- [INPUT DATA]

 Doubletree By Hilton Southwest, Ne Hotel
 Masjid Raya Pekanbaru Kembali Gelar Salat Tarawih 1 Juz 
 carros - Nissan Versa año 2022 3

==

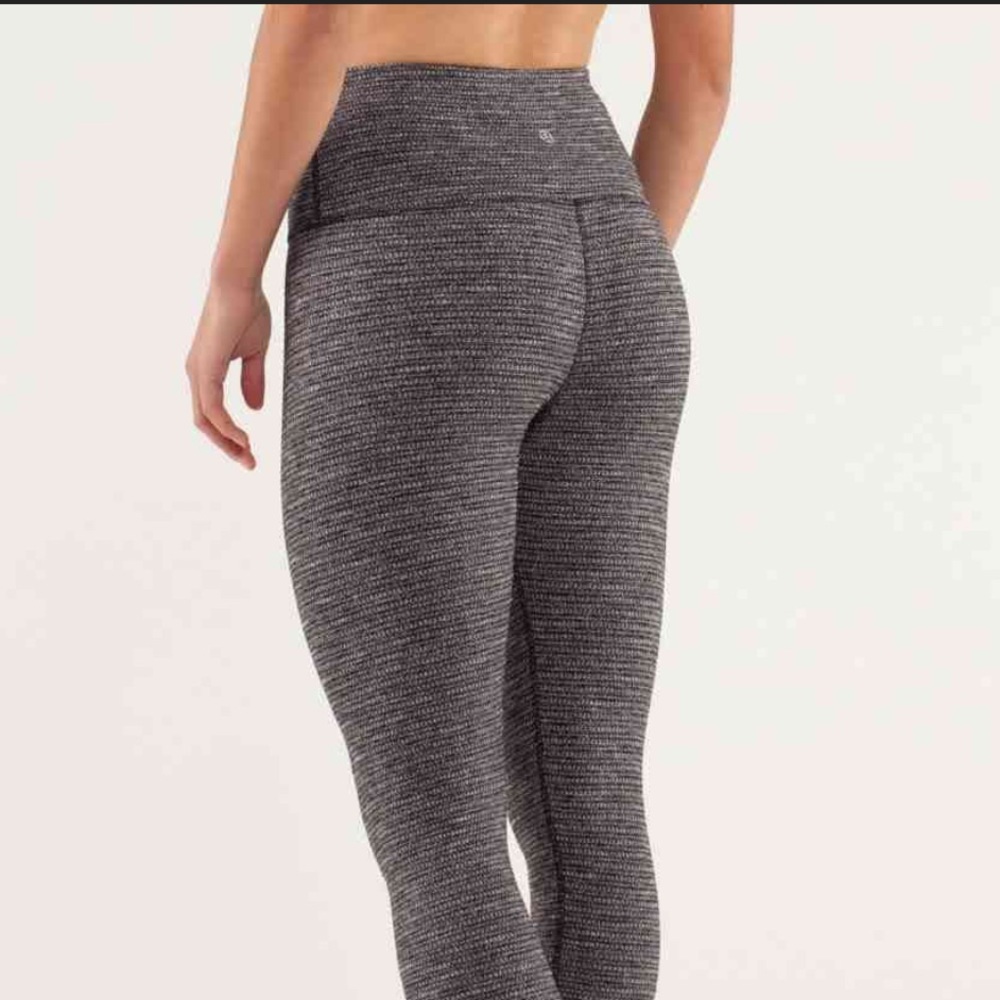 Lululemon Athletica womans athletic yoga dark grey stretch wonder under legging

- [INSTRUCTIONS TO FOLLOW]
Give back, word for word, only the lines above from the line holding "Doubletree By Hilton Southwest, Ne Hotel" to the line holding "carros - Nissan Versa año 2022 3", both included.

- [EXPECTED ANSWER]
 Doubletree By Hilton Southwest, Ne Hotel
 Masjid Raya Pekanbaru Kembali Gelar Salat Tarawih 1 Juz 
 carros - Nissan Versa año 2022 3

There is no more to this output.